▸ **Source information**
• • • •

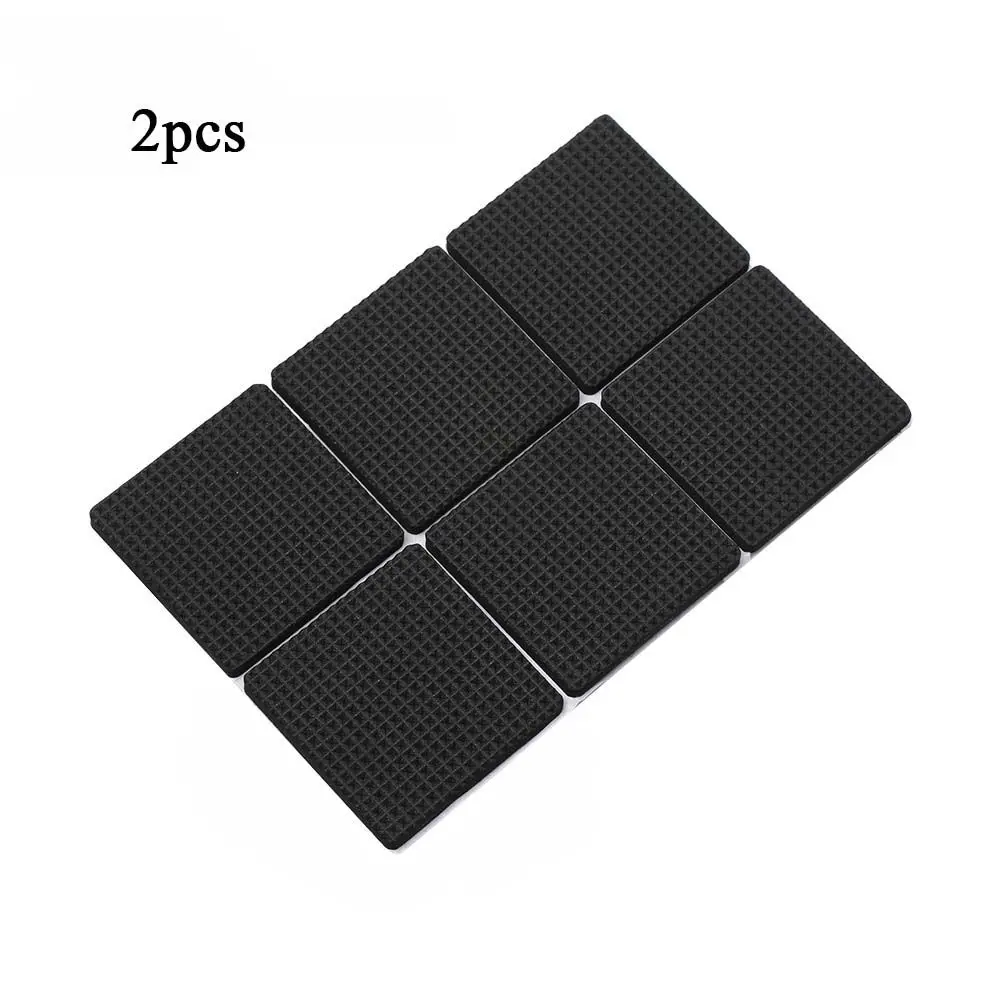 

Sofa 1/2/12/30Pcs Anti Slip Furniture Self Adhesive Mat Chair Leg Protector Floor Pads Feet Pads Floor Mat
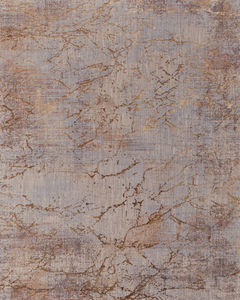 Pryor 39NEF Brown/Taupe/Tan Rug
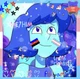 Trans Lapis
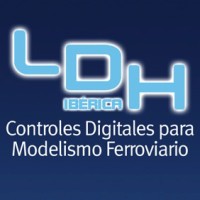 Avatar de Usuario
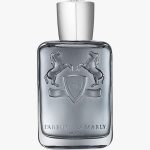 PARFUMS DE MARLY - CASTLEY EDP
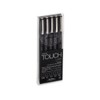 Terdi aroma essential oil 10ml eucalyptus 1 unit / 떼르디 아로마 에센셜오일 10ml 유칼립투스 1개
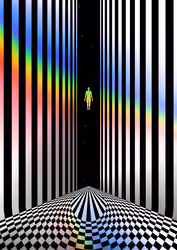 Liberation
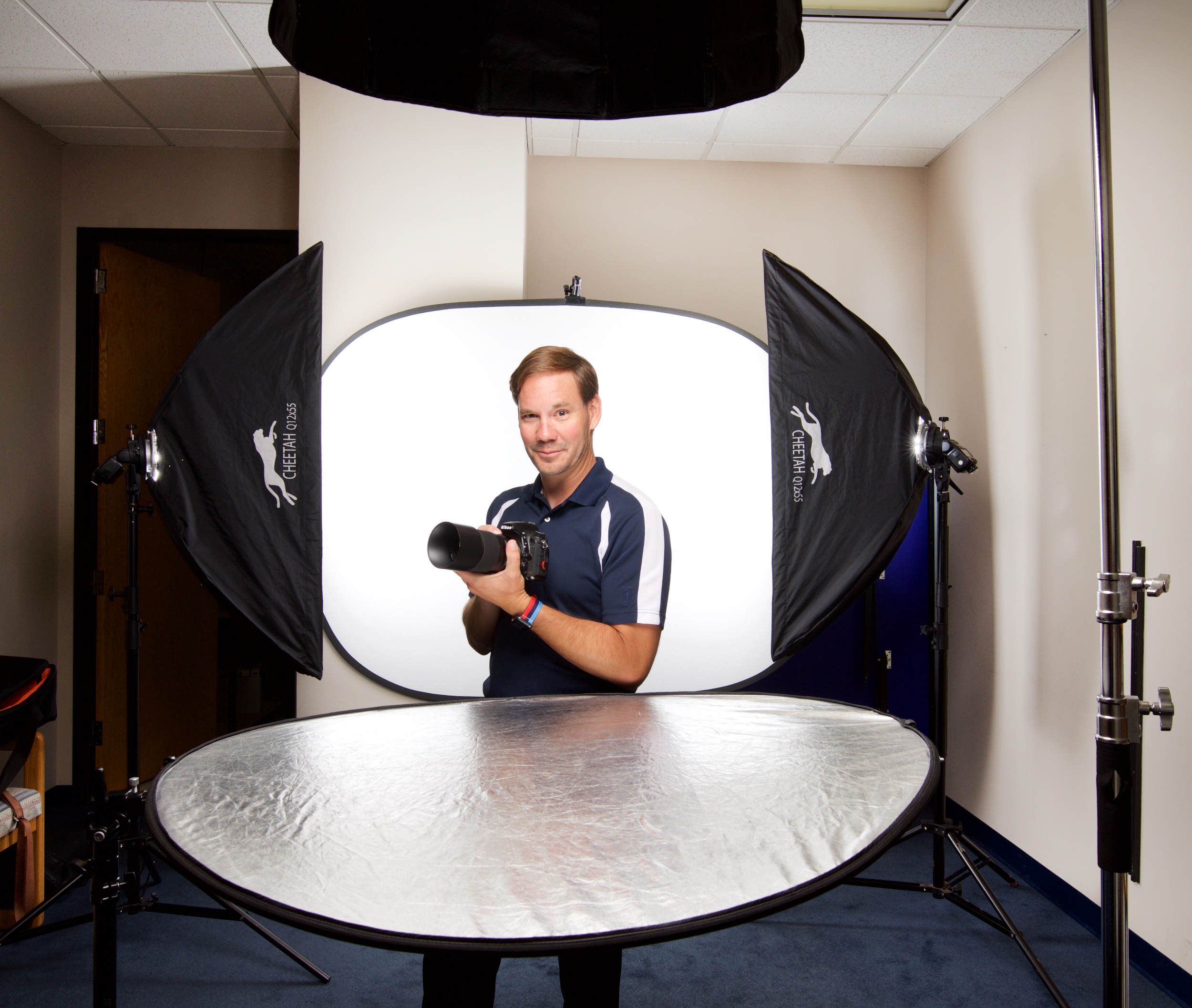 WSP-8-13-2019-headshots-136948.jpg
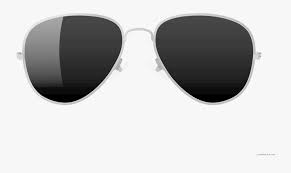 Sunglasses Clipart Aviator Transparent Background Sunglasses Png Free Transparent Clipart Clipartkey Aviator vector sunglass black and white chemistry sunglasses sunglasses designer pilot drawing lineart shades drawing reflection shades drawing original file at image/png format. transparent background sunglasses png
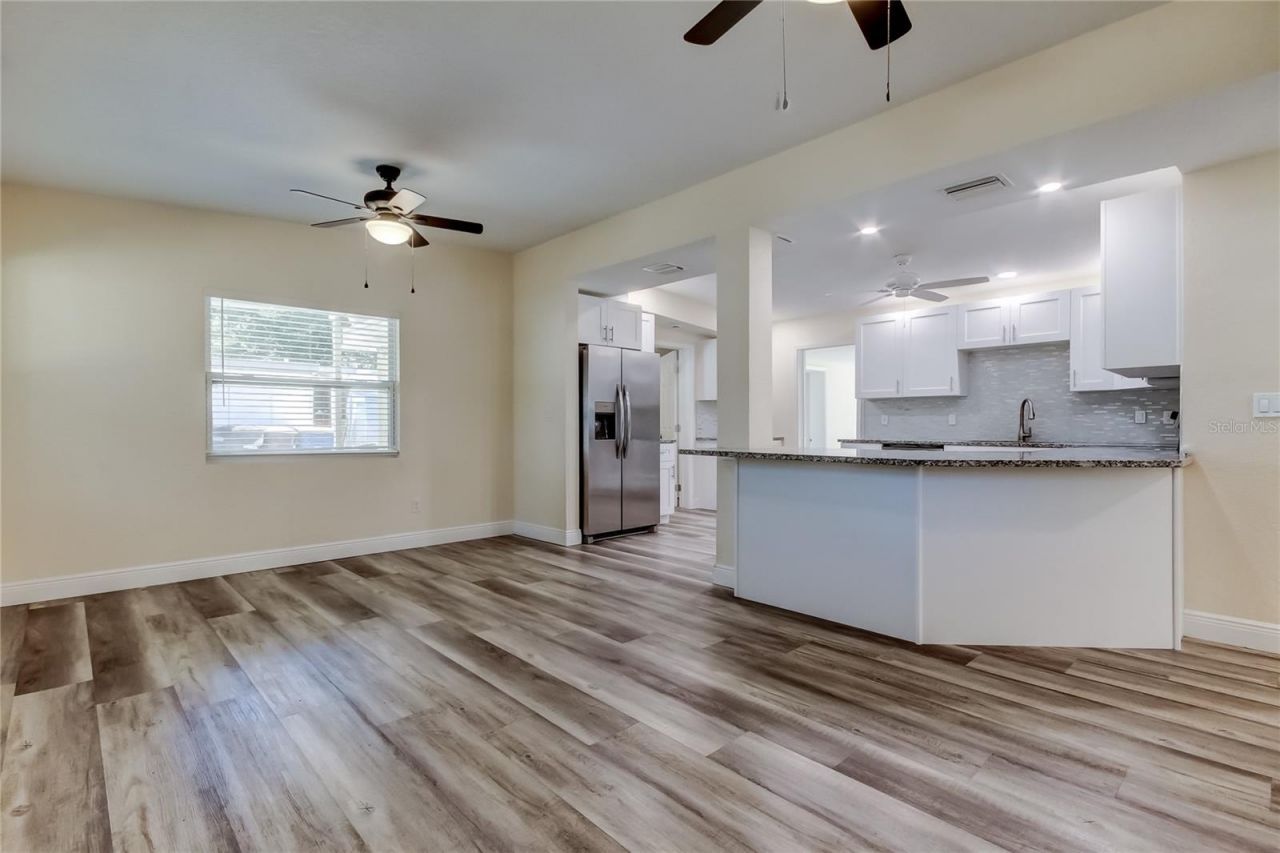 1353 Mary L Road, Clearwater, FL 33755 Photo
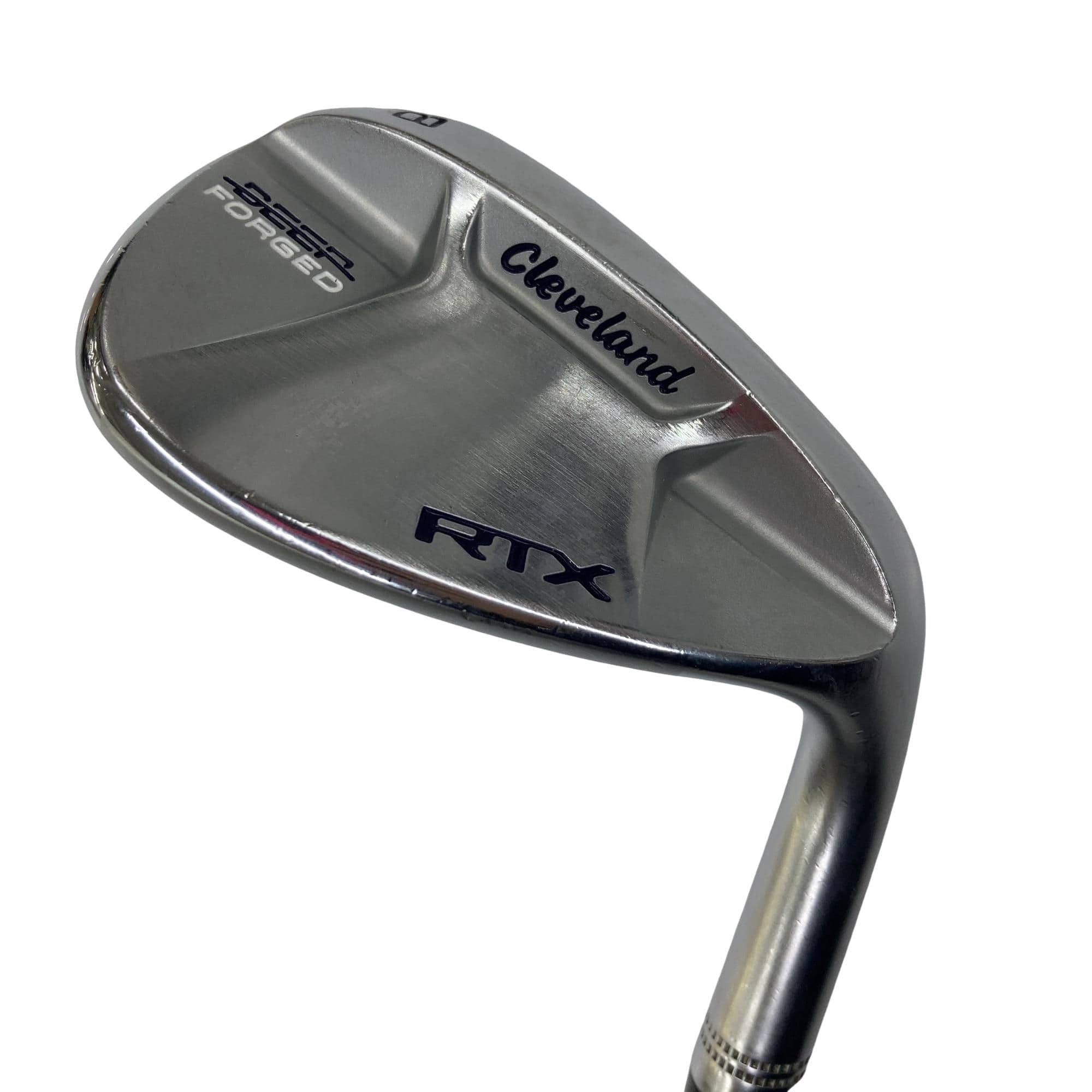 �b�����������������@�q�s�w�@�c�d�d�o�@�e�n�q�f�d�c�@�T�W°�^�P�Q°�@�l�h�c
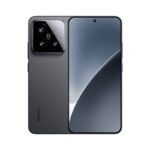 Xiaomi-15-Green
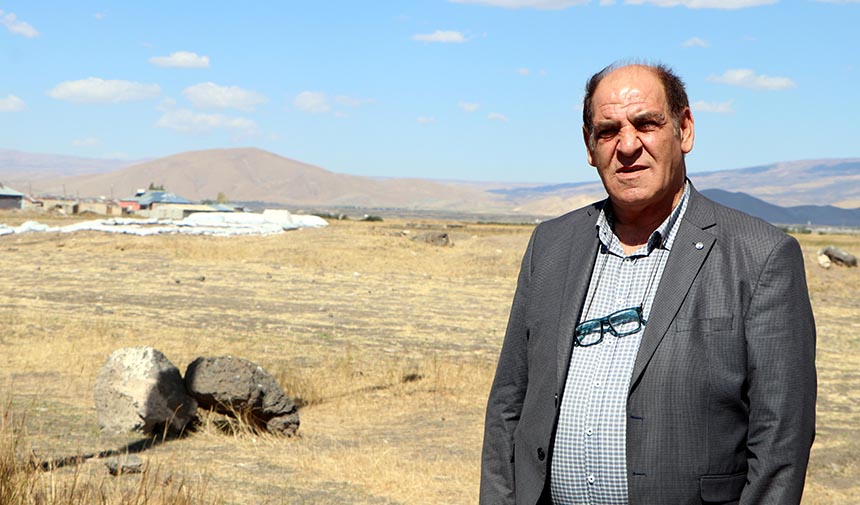 W D A F E S G R D H T F J Y G K Ö M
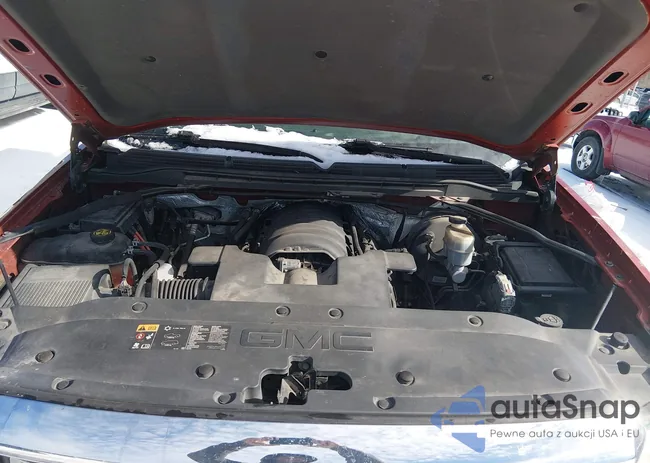 3GTU2UEC9FG196644: 44255532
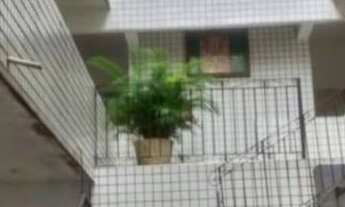 Imagem 3: Imóveis Belém Vende Apto no Ed. Alexandre Severino 2/4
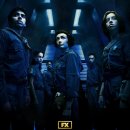 파인어스PT 이미지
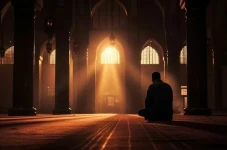 5 Hikmah dan Tips Hadapi...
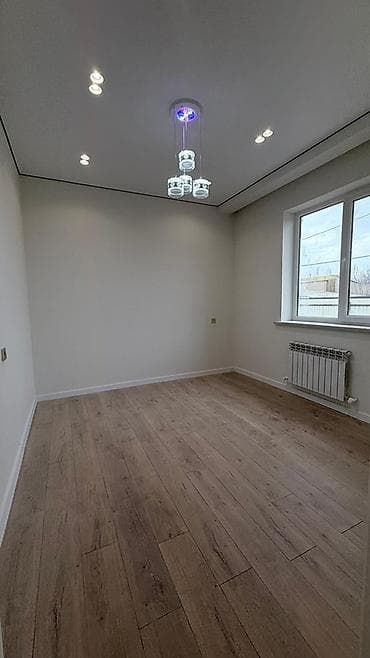 продам дом покровка: 🏡 Продается дом в Новопокровке ✨ Просторный и уютный дом для — 4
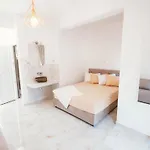 Theano 2 Aparthotel 3*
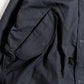 snow peak Hybrid TAKIBI Adjustable Coat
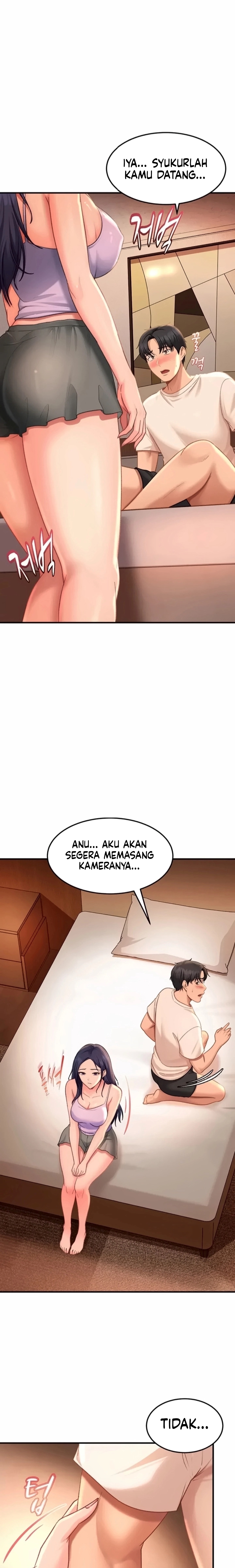 Halaman 1 dari 26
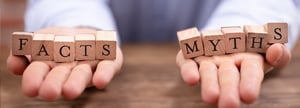 Examining the facts and myths of accounting automation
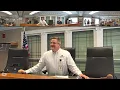 Commissioner Special Meeting 3-20-2026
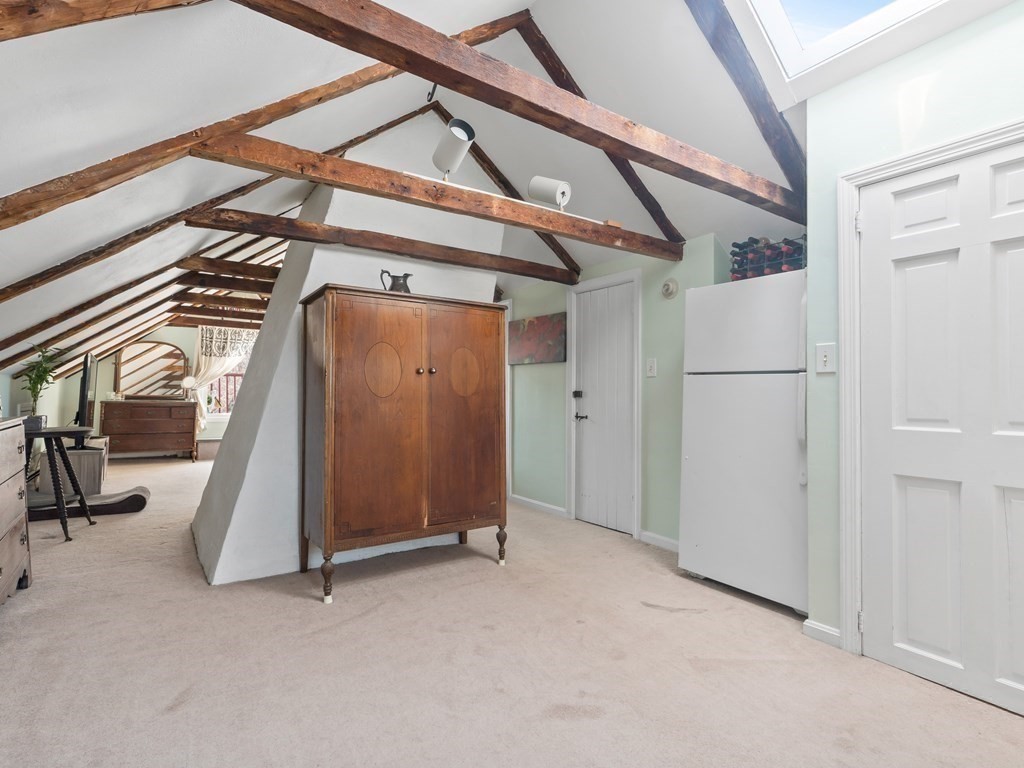 793 Pearse Road Swansea, MA 02777 - Photo 16 of 40 Gallery Image 16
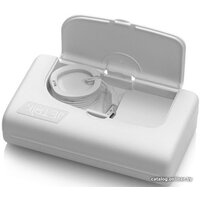 Jetpik JP50 Elite Image #6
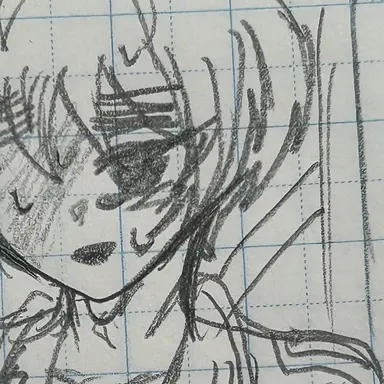 Profile image of アーサー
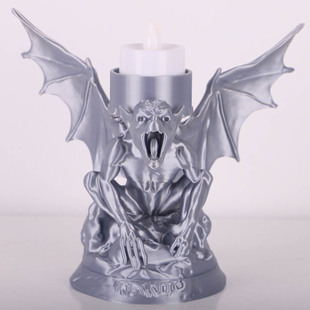 ���N����羳3d��ӡ��ߐ�ħ�T̨�[�������k�Y���b��⳱�����l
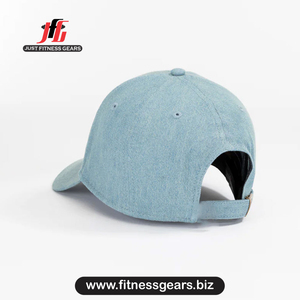 Summer UV Protection Quick Dry <b>Cap</b> Breathable Sunscreen Baseball <b>Cap</b> Adjustable Casual <b>Running</b> Outdoor Sports - Product Image 5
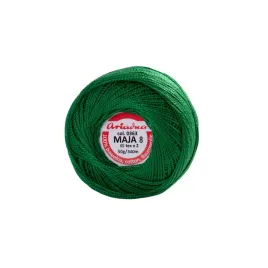 kordonek-maja-8-0363-65tex-x2-50g-340m-1szt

• • • •

▸ **Required work**
Write out again exactly the lines from the start of the data above through the line containing "Commissioner Special Meeting 3-20-2026", inclusive, excluding any pictures.

▸ **Answer below**
Sofa 1/2/12/30Pcs Anti Slip Furniture Self Adhesive Mat Chair Leg Protector Floor Pads Feet Pads Floor Mat
 Pryor 39NEF Brown/Taupe/Tan Rug
 Trans Lapis
 Avatar de Usuario
 PARFUMS DE MARLY - CASTLEY EDP
 Terdi aroma essential oil 10ml eucalyptus 1 unit / 떼르디 아로마 에센셜오일 10ml 유칼립투스 1개
 Liberation
 WSP-8-13-2019-headshots-136948.jpg
 Sunglasses Clipart Aviator Transparent Background Sunglasses Png Free Transparent Clipart Clipartkey Aviator vector sunglass black and white chemistry sunglasses sunglasses designer pilot drawing lineart shades drawing reflection shades drawing original file at image/png format. transparent background sunglasses png
 1353 Mary L Road, Clearwater, FL 33755 Photo
 �b�����������������@�q�s�w�@�c�d�d�o�@�e�n�q�f�d�c�@�T�W°�^�P�Q°�@�l�h�c
 Xiaomi-15-Green
 W D A F E S G R D H T F J Y G K Ö M
 3GTU2UEC9FG196644: 44255532
 Imagem 3: Imóveis Belém Vende Apto no Ed. Alexandre Severino 2/4
 파인어스PT 이미지
 5 Hikmah dan Tips Hadapi...
 продам дом покровка: 🏡 Продается дом в Новопокровке ✨ Просторный и уютный дом для — 4
 Theano 2 Aparthotel 3*
 snow peak Hybrid TAKIBI Adjustable Coat
 Halaman 1 dari 26
 Examining the facts and myths of accounting automation
 Commissioner Special Meeting 3-20-2026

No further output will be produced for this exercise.